Waterville, 984 F.2d at 554 (emphasis added).
We similarly conclude that commercial reasonableness is not, under CERCLA, a requirement before § 9601(20)(A) becomes applicable.
Accordingly, the judgment is
1. The Cains and the Andersons have since settled with the government. The government also has obtained an entry of default against Otto Skipper. The McLambs and IMC thus remain the only parties still seeking contribution from Wachovia.
2. The McLambs and IMC conceded during the proceedings below that their state law claims for fraud, negligent misrepresentation, and contribution were barred by the applicable statute of limitations. The district court also granted Wachovia's motion to dismiss the breach of implied warranty claim.
3. Wachovia states that other individuals also showed an interest in buying the property but were unable to consummate a purchase. Apparently, the Cains and the McLambs were the first prospective buyers able to consummate a deal.
4. During the development, the Andersons acquired the Cains' undivided half interest in the property. The McLambs and Andersons then transferred their interests to the newly formed company and party to the instant appeal, IMC.
5. Section 9613(f)(1) states in pertinent part: Any person may seek contribution from any other person who is liable or potentially liable under section 9607(a) of this title, during or following any civil action under 9606 of this title or under section 9607(a) of this title.

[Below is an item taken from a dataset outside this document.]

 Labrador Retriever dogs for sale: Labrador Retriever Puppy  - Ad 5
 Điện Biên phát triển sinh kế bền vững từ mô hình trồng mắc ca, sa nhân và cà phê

6. We also note that the district court in Maryland Trust, a case cited by the appellants, was not confronted with the same circumstances that we address in the instant case. In Maryland Trust the court concluded that the security interest exemption "does not apply to former mortgagees currently holding title after purchasing the property at a foreclosure sale, at least when, as here, the former mortgagee has held title for nearly four years, and a full year before the EPA clean-up ." Maryland Trust, 632 F. Supp. at 579 (emphasis added). In addition, the district court in Maryland Trust explicitly stated that "because [the former mortgagee] has held the property for such an extended period of time, this Court need not consider the issue of whether a secured party which purchased the property at a foreclosure sale and then promptly resold it would be precluded from asserting" the exemption. Id. at 579 n.5. By contrast, Wachovia promptly resold, following the foreclosure, the 217 acres.
7. Also providing support for our position are United States v. Mirabile, 15 Envtl. L. Rep. 20,992, 20,996 (E.D. Pa. 1985) and In re T.P. Long Chemical, Inc., 45 Bankr. 278, 288-89 (Bankr. N.D. Ohio 1985).
8. We note that the EPA's regulation is currently being challenged in the D.C. Circuit. Michigan v. EPA, No. 92-1312 (D.C. 1992); Chemical Mfrs. Ass'n v. EPA, No. 92-1314 (D.C. Cir. 1992).